In This Housing Fight, It’s Conservative Politicians vs. Conservative Policies

 

Ron DeSantis, governor of Florida. (Source: Flickr/Gage Skidmore.)

There’s a strange battle brewing in Florida. In one corner, a local government is trying to solve a policy problem by deregulating a sector of the economy and allowing free-market solutions to bring more options to consumers. Meanwhile, opponents at the state level assert that only government intervention and business incentives will address the issue. 

It sounds like a classic standoff in American politics between free-market conservatism and government-centric liberalism. So why is the conservative Republican governor of Florida, Ron DeSantis, suing the municipality to reverse these new policies? 
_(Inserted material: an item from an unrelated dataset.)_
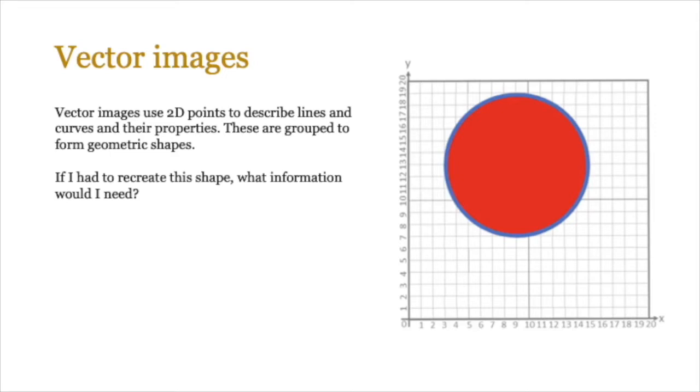Now think about this. If I had to recreate this shape, this one that you see on screen, what information would I need? So pause the video and just have a think about how this shape on the screen could be made.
Welcome to the tangled, confusing world of housing politics. 

In this case, the city council of Gainesville, home to the main campus of the University of Florida, voted to eliminate single-family zoning. Its stated goal is that by allowing homeowners and developers to build a variety of housing types, including accessory dwelling units and multiplex apartments, buyers and renters will find more affordable options. 

This approach is gaining traction nationwide, with the states of California, Oregon, and Maine, and the city of Minneapolis, among many others, eliminating single-family zoning, parking minimums, and other restrictive rules to encourage development of a wider range of missing-middle housing. 

Strong Towns strongly supports these efforts: The organization urges that every neighborhood in America be zoned to allow the next increment of development, according to Editor-in-Chief Daniel Herriges. “In the late 20th century, many American cities adopted a really unprecedented and, we now know, destructive experiment,” says Herriges. “We began to place our neighborhoods under glass, using local regulations to prohibit the creation of additional housing even in places where demand is intense. This has resulted in cascading consequences, from housing unaffordability and the displacement of people from cities and neighborhoods, to the loss of local economic dynamism and opportunities to build wealth. It’s an issue that should unite people on the political left and right.”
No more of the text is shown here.